El silencio de los inocentes
Soy un presagio, un mal crónico que te sube hasta más arriba de la coronilla y te desnuda aquellos pensamientos que jamás pensaste que saldrían a la luz. Soy como el programa de farándula que te acecha todos los días a la hora del desayuno (para quienes no madrugan), o mientras esperas comprar el bono en el centro médico, de esos programas que te llenan la cabeza de estupideces para absorberte el raciocinio sin anestesia, sin glamour, sin arrepentimiento alguno, pero con belleza, de aquella belleza clásica -o no tan clásica- pero que se homogeiniza en el contacto con los otros. Nunca me vas a distinguir si me pillas caminando, porque estoy cerca, siempre rondando, como una profecía que se guía por instinto y aparece según el clima que haya en la ciudad en la que comparecemos cada día en la micro, estudiando, sacándonos los ojos por comprar primero queso en el supermercado, en ese rincón de Fiambrería que aborrezco incluso más que el rincón o pared del pan, porque al menos las personas esperando el pan caliente son animales asumidos, que te empujan y te golpean por comer ese cuerpo sagrado simbólico del Cristo que cuentan que aparece en algunos o todos los episodios de la Biblia.
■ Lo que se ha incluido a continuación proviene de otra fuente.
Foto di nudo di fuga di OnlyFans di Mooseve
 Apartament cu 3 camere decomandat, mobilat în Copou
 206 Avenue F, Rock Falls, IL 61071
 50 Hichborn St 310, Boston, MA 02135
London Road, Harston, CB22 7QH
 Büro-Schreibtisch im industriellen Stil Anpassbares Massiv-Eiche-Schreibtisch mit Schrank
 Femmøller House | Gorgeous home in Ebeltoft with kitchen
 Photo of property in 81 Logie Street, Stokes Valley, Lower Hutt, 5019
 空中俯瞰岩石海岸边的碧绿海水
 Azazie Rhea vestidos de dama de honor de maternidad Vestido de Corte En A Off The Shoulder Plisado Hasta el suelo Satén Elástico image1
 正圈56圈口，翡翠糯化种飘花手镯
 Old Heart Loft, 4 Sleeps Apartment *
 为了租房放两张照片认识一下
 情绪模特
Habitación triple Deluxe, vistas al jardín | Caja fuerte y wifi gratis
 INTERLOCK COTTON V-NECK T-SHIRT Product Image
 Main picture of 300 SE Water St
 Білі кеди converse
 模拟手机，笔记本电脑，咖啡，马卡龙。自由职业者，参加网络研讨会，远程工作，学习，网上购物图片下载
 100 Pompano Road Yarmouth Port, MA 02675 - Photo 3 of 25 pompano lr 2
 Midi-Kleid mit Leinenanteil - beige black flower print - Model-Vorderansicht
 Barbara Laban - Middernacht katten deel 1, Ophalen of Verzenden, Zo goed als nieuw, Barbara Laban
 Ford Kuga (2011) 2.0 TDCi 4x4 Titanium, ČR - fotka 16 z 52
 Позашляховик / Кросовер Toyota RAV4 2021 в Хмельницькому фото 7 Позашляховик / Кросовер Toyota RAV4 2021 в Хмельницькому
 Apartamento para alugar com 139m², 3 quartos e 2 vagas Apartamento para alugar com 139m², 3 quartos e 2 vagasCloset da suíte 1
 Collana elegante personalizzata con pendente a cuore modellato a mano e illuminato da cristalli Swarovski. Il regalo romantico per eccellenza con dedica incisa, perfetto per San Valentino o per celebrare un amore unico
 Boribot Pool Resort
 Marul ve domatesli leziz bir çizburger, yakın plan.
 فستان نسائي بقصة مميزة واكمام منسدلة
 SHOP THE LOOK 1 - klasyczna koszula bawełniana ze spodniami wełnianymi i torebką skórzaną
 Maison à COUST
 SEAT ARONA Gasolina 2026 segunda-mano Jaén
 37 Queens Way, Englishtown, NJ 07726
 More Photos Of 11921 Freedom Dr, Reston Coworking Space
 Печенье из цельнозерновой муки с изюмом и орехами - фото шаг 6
Porque no soy tu génesis, ni tu salvación, sino el presagio que circunda tus horas oscuras, cuando me observas (y sabes que me observas) y me obsequias las ironías que necesito, que me hacen recapitular y confirmar que no eres un semidiós esperando ascender al Olimpo, porque El Olimpo siempre ha estado presente, con numeración, con una calle de cemento, con bazares, con fotocopiadoras, con botillerías, con locales de pollos asados, de completos, de hamburguesas, de todas aquellas cosas que puedas imaginarte y que existen, y que se ríen de las divinidades que no puedes burlar porque eres el único que no goza de libertad condicional, porque tu sangre está manchada de un virus incorpóreo, que asume tu cuerpo con elegancia, con la forma de tus ideas, y que mientras más evitas menos perdonas, más deshumanizado te vas poniendo, y más te rodeas de ese academicismo que me oprime hasta decir basta, de esa autorreferencia que nos acongoja a todos los que alguna vez te miramos, te oímos, te dimos una sentencia de fin con sonetos de amargura reciclada, de aquella amargura que no es realmente eso, sino lo otro, no lo opuesto, lo otro, simplemente lo otro.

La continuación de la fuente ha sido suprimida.